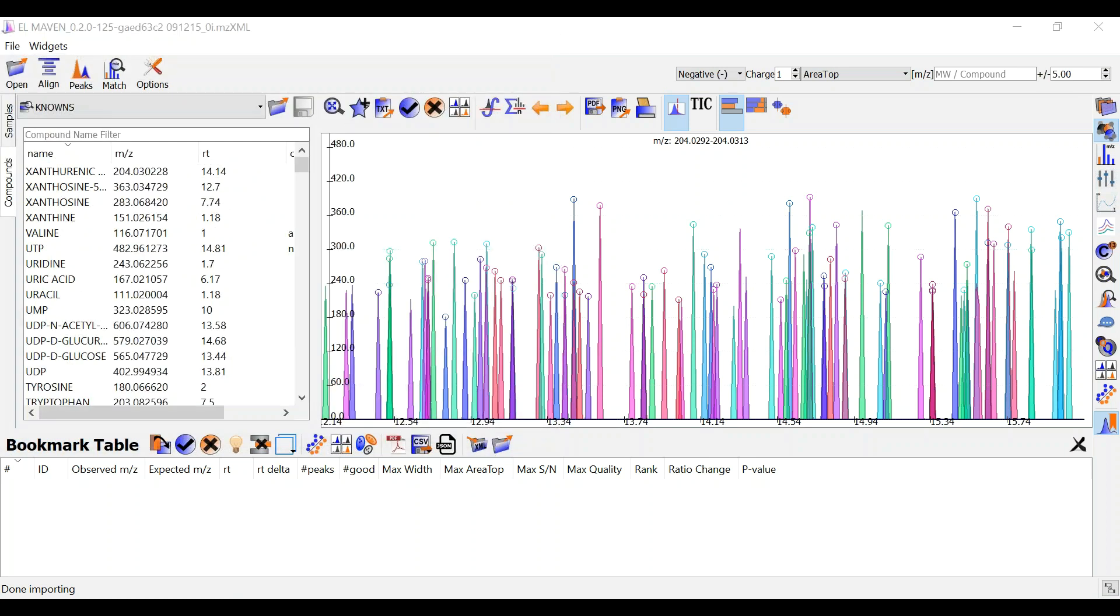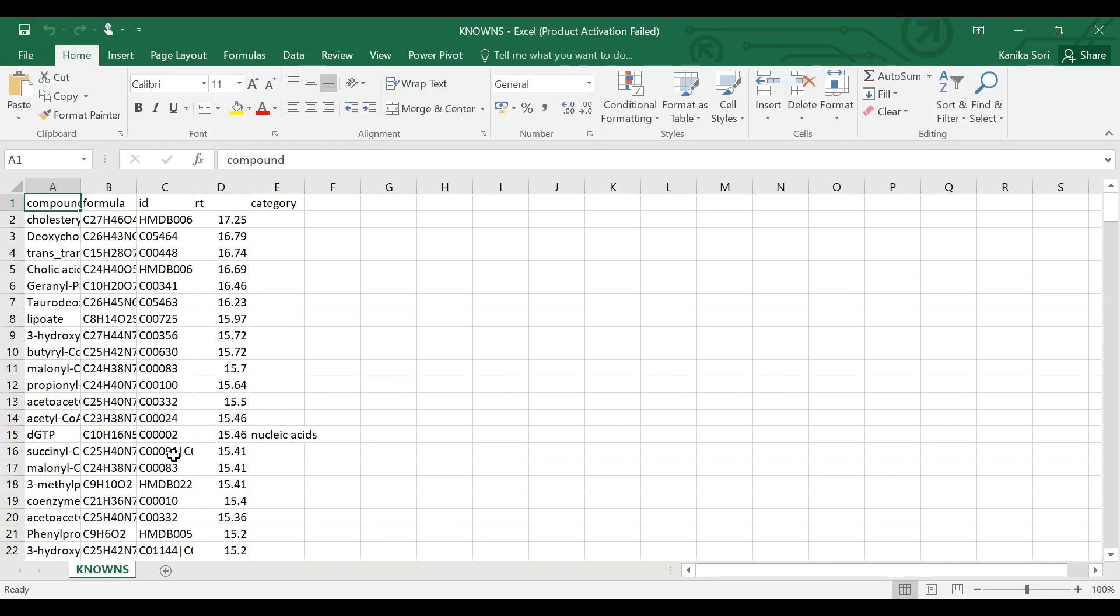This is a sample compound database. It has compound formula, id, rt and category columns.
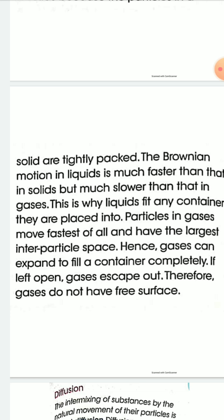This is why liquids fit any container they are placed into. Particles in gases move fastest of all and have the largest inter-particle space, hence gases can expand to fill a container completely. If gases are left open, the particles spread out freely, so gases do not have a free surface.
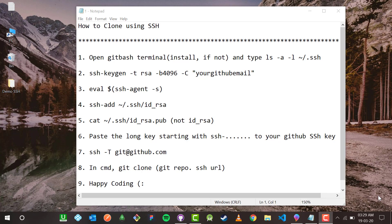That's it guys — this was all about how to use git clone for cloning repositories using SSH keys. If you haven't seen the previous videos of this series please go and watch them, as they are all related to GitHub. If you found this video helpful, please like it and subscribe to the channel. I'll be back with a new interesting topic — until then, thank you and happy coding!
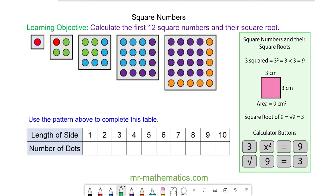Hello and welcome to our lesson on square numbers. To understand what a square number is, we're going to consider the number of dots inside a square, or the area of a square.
· · ·
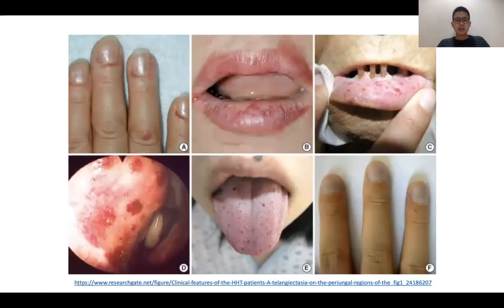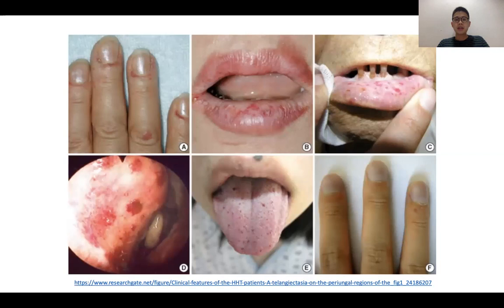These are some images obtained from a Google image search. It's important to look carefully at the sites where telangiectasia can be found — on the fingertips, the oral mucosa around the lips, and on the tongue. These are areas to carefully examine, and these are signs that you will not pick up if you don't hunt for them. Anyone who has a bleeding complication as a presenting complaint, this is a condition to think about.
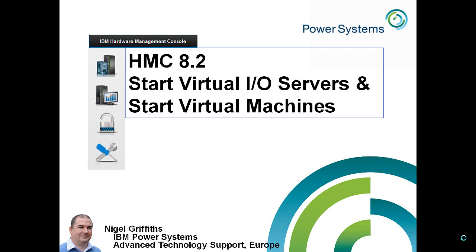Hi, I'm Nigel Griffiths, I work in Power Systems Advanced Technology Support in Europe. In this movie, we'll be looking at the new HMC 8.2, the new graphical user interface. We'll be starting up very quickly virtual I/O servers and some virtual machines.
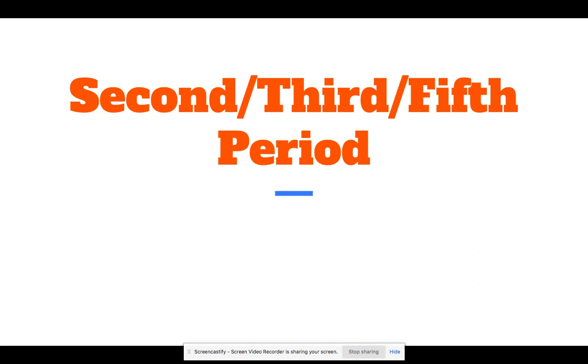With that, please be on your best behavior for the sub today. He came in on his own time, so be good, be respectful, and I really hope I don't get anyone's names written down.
· · ·
• PROBLEM DETAILS: What are the lines in the records above, word for word, from the one containing "Hi, I'm Nigel" through the one containing "With that, please", both ends included and pictures left out?

• EXERCISE OUTPUT:
Hi, I'm Nigel Griffiths, I work in Power Systems Advanced Technology Support in Europe. In this movie, we'll be looking at the new HMC 8.2, the new graphical user interface. We'll be starting up very quickly virtual I/O servers and some virtual machines.
With that, please be on your best behavior for the sub today. He came in on his own time, so be good, be respectful, and I really hope I don't get anyone's names written down.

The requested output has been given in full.